Phaneuf’s refusal to waive could force the Senators to trade one of their top-four defenceman and thanks to the imposed deadlines, the Senators essentially lose leverage in trade negotiations because their trade partner recognizes that the Senators can’t risk losing a player for nothing to expansion.

Better something than nothing, but if the Senators can’t find a trade partner because teams are too concerned with their own players to make an opportunistic trade and upgrade a position of need, I can’t imagine the Senators protecting Methot at the expense of Ceci.

Based on Ceci’s age, cost, handedness, positional depth and pedigree, I would be shocked to see it happen. For these same reasons that I just mentioned, it wouldn’t a surprise to see the Senators look to move Ceci because he’s the player that they can maximize the value on in a trade.

All Phaneuf’s decision does is force the Senators’ hand.

For years, even with the inclusion of Phaneuf, I’ve preached that this organization improve its top-four and this could potentially be the mechanism that sees the Senators shake things up.

With two years and $9.8-million left on his contract, Methot carries a large price tag and turns 32 years old in one week. He’s been Erik Karlsson’s regular partner for the past few seasons, but as the evidence suggests, Karlsson’s never experienced difficulty playing with different partners.

That’s not to say that Methot is an ineffective player or isn’t valued. It is just evidence that supports the fact that Karlsson as a generational player who plays well irrespective of is defensive partner. The Senators’ surplus of left-shooting defencemen may lead them to believe that one is capable of stepping into Methot’s role or a top-four and provide replacement level value at a fraction of the cost – while allowing the Senators to reallocate this salary to improve the roster and/or re-sign the key core pieces in the near future.

It may be naïve to pencil Fredrik Claesson in and expect immediate dividends since his sample size of success at the NHL level isn’t very large, but Phaneuf is a player who could step into top pairing minutes and allow a Claesson or maybe even a Chabot to log second pairing minutes.

Or maybe the Senators elect to move Ceci in hopes that it’s still a seller’s market for young right-shooting defencemen. Unlike with Methot, the Senators do not have a ton of right-defence depth, but Phaneuf has played his off-side in the past and could do so again. The Senators could also elect to sign an unrestricted free agent like Cody Franson to fill the void.

On the surface, in a strictly one-for-one vacuum scenario, replacing a Methot with a Claesson or a Ceci with a Franson seems sexy. But in each situation, there’s added context because of what the Senators could potentially add by moving either defenceman.

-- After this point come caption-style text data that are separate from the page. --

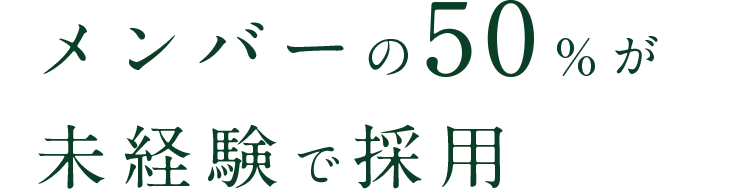 メンバーの50%が未経験で採用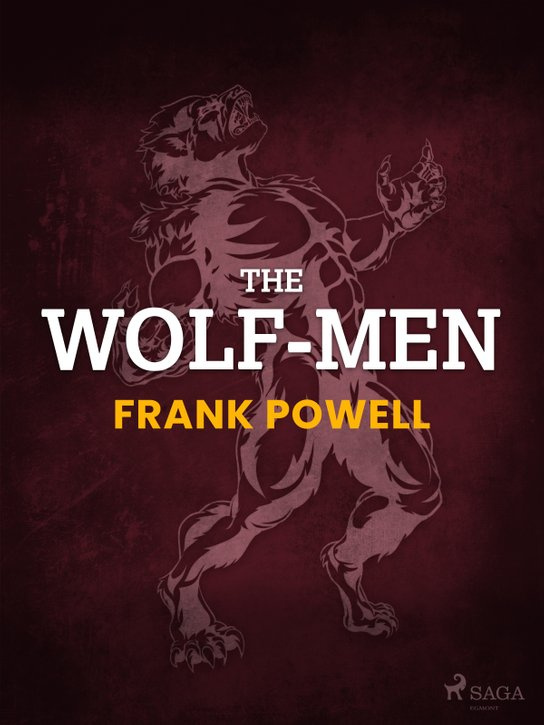 The Wolf-Men -  Frank Powell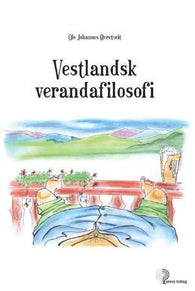 Vestlandsk verandafilosofi 9788282120029 Ole Johannes Øvretveit Brukte bøker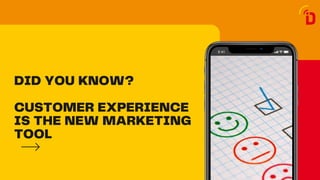 DID YOU KNOW?
CUSTOMER EXPERIENCE
IS THE NEW MARKETING
TOOL
 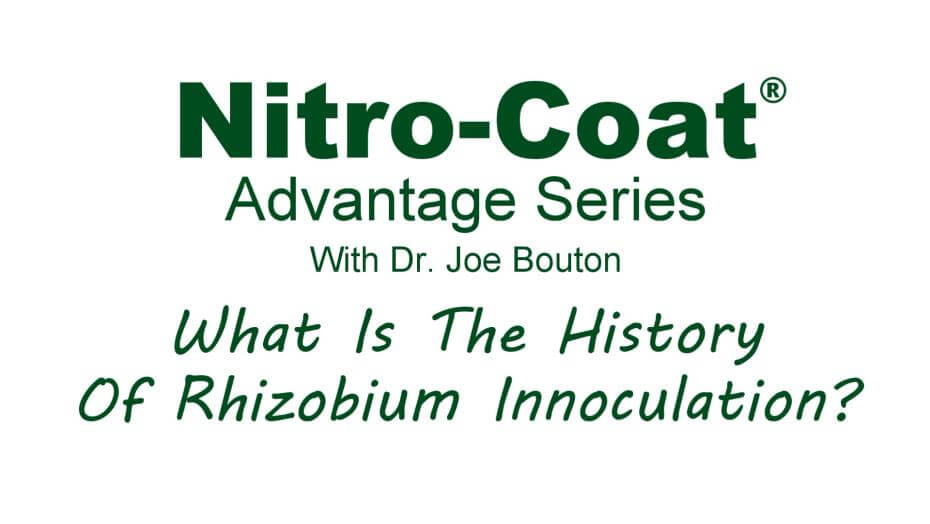 Title card for the Nitro-Coat Advantage Series - Part 5 with Dr. Joe Bouton discussing rhizobium.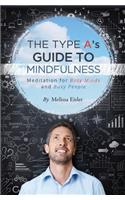 The Type A's Guide to Mindfulness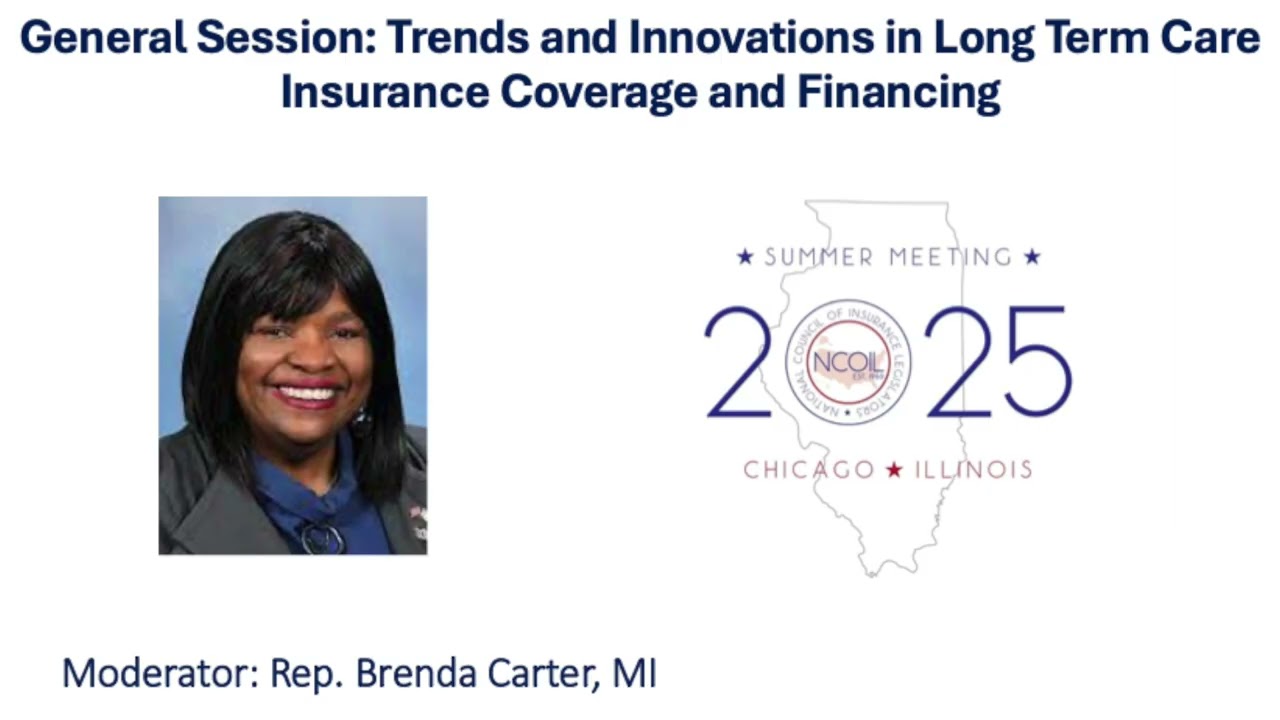 2025 NCOIL Summer Meeting: Trends and Innovations in Long Term Care Insurance Coverage and Financing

In other words, if Pierre Dorion could get similar performance or above-replacement performance from these spots on the roster while giving the team the opportunity to improve other spots on the roster.

Phaneuf’s decision may not have been the best one from a team perspective, but it does not preclude the Senators from improving the team through some creative roster decisions. If anything, it could help be a catalyst that helps move this team forward.